[Data for the task — start]

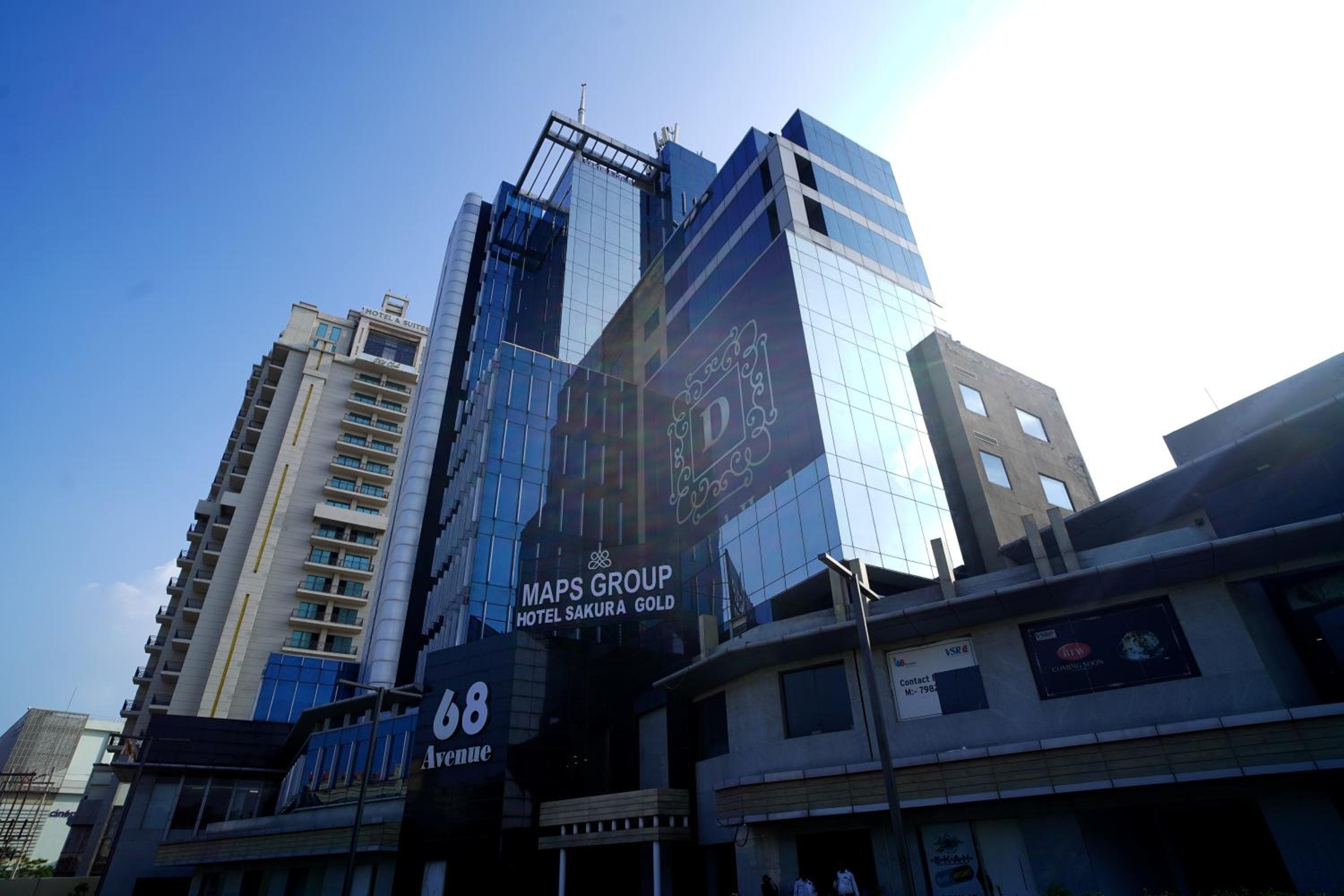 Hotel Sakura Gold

[Data for the task — finish]
[Data for the task — start]

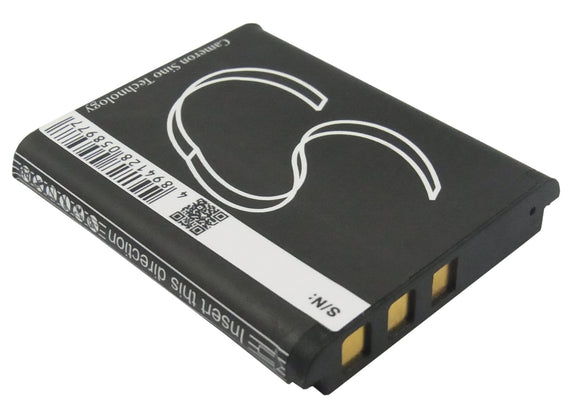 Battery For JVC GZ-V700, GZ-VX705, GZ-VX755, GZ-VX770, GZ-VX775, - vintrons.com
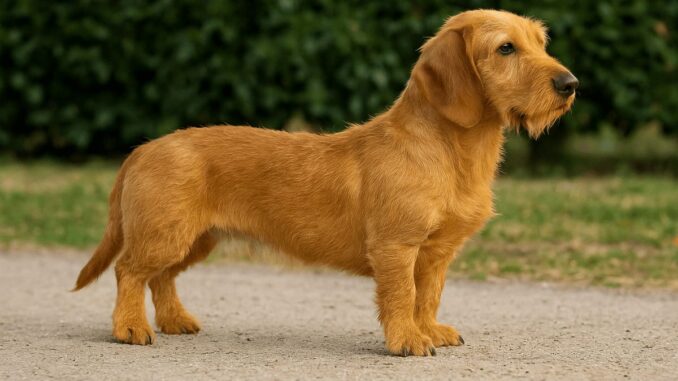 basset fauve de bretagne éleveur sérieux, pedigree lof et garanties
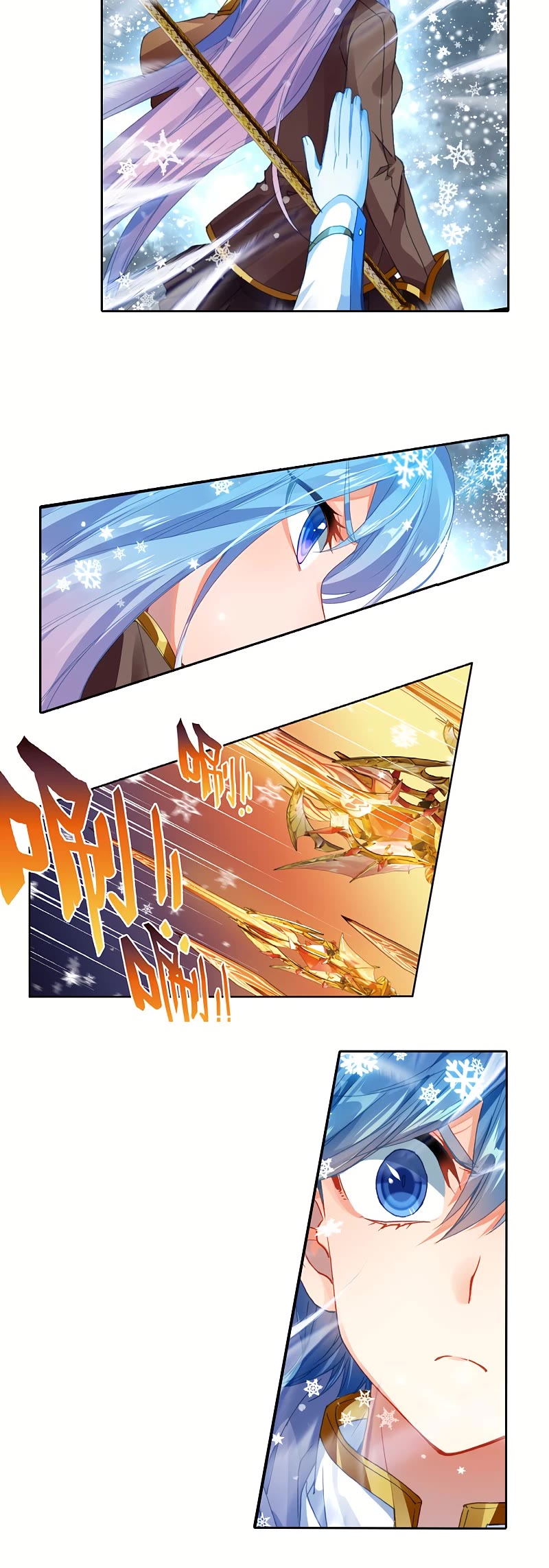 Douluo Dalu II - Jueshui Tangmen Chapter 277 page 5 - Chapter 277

[Data for the task — finish]

→ **Work instruction**
Up in the listing, locate the line with "Battery For JVC"; print it and every line after it down to the line with "Douluo Dalu II", which is included too. Skip the pictures.

→ **Solution**
 Battery For JVC GZ-V700, GZ-VX705, GZ-VX755, GZ-VX770, GZ-VX775, - vintrons.com
 basset fauve de bretagne éleveur sérieux, pedigree lof et garanties
 Douluo Dalu II - Jueshui Tangmen Chapter 277 page 5 - Chapter 277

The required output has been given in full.